Classroom of the Elite II
ようこそ実力至上主義の教室へ 2nd Season (Youkoso Jitsuryoku Shijou Shugi no Kyoushitsu e 2nd Season)
- Drama
- Suspense
- Psychological
- School
- Episodes
- 13
- Duration
- 23 min per ep
- Aired
- Jul 4, 2022 to Sep 26, 2022
- Status
- Finished Airing
Synopsis
After the Island Special Examination, the first-year students of Tokyo Metropolitan Advanced Nurturing High School return to life aboard the cruise ship—only to be thrown straight into another special exam. With both class standings and individual points at stake, a fresh set of intricate rules quickly turns the voyage into a tense contest of strategy and endurance.
Complications mount as Kakeru Ryuuen, still seething over the previous results, sets out to dominate the new challenge by any means necessary. At the same time, Kei Karuizawa—an essential support for Class D—finds herself pushed to the brink as the weight of her past resurfaces. With pressure closing in from multiple sides, Kiyotaka Ayanokouji moves to guide Class D through the turmoil, relying on careful planning and calculated manipulation to keep them afloat against increasingly dangerous opposition.
Otaku Consensus
Classroom of the Elite II lands as a stronger, more ruthless return for viewers who prize psychological maneuvering over conventional school-drama warmth, with Lerche’s direction sharpening the series around Ayanokouji’s cold problem-solving and the season’s Kei/Ryuuen material becoming its most discussed dramatic core. Fan reception is broadly positive, reflected in its 8.04 MAL score and high popularity, but the recurring criticism is real: the adaptation can feel compressed and uneven in execution, especially for viewers who are not invested in a protagonist-centric power game.
Why You Should Watch
Watch Classroom of the Elite II if you want a school anime that treats classrooms like pressure chambers rather than social spaces. It scratches the same strategic itch as Tomodachi Game and the mind-game side of Death Note, but with the rules filtered through grades, points, status, and adolescent insecurity instead of supernatural stakes. The appeal is not warmth or ensemble comfort; it is watching a seemingly passive lead alter the temperature of every room while other students mistake visibility for control. Season 2 is especially suited to viewers who enjoy psychological hierarchy, social leverage, and moral discomfort without needing constant action. If you want tactics, intimidation, and character masks cracking under institutional pressure, this is the season where the anime’s identity becomes clearest.
Key Characters
- KKiyotaka Ayanokouji(VA: Shouya Chiba)
Ayanokouji remains the franchise’s magnetic contradiction: a deliberately low-affect lead whose lack of theatricality makes every small choice feel calculated.

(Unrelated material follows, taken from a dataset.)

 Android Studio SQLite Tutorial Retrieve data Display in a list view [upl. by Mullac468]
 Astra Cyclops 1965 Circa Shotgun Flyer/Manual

- SSuzune Horikita(VA: Akari Kitou)
Horikita gives the season a sharper academic rivalry angle, serving as a disciplined counterweight to Ayanokouji’s unreadable methods.
What Makes It Stand Out
- 1
Lerche returns as the animation studio, keeping the anime visually aligned with the first season while pushing the second season into a colder, more confrontational psychological register.
- 2
The production uses a layered directing structure: Seiji Kishi and Hiroyuki Hashimoto are credited as chief directors, while Yoshihito Nishouji serves as director, giving the sequel continuity with the established anime identity while adding a new season-level lead.
- 3
Season 2 runs 13 episodes and aired in a single summer 2022 cour, from July 4 to September 26, making it a compact continuation rather than a split or extended adaptation.
- 4
AniList’s tag profile captures the season’s unusual mix: School at 97%, Male Protagonist at 93%, Battle Royale at 78%, Delinquents at 74%, and Philosophy at 45%, which explains why the show attracts both strategy-anime fans and viewers interested in social ideology.
- 5
The season’s reputation is heavily tied to its psychological escalation around Kei Karuizawa and Kakeru Ryuuen, material that fans often cite as the point where the anime’s mind-game identity becomes more openly aggressive.
Fun Facts & Trivia
- Fun fact 1
- The original story is by Shougo Kinugasa, with original character designs by Shunsaku Tomose; the anime adaptation translates those light-novel foundations through Kazuaki Morita’s character design work.
- Fun fact 2
- Hayato Kazano handled series composition, a key role for this season because the appeal depends on making rule-heavy tests and hidden motives legible within a 13-episode TV structure.
- Fun fact 3
- On MAL, the season sits at an 8.04 score from 474,268 votes, with a popularity rank of #281, showing that its audience size is unusually large for a suspense-heavy school sequel.
- Fun fact 4
- AniList lists 6,898 favourites and a 79/100 score for the season, closely matching MAL’s positive but not uncritical reception.
- Fun fact 5
- The art side includes Hirofune Hane as art director and Satoru Hirayanagi with Mirai Nagaike on art design, separating the show’s background/world presentation from its character-design pipeline.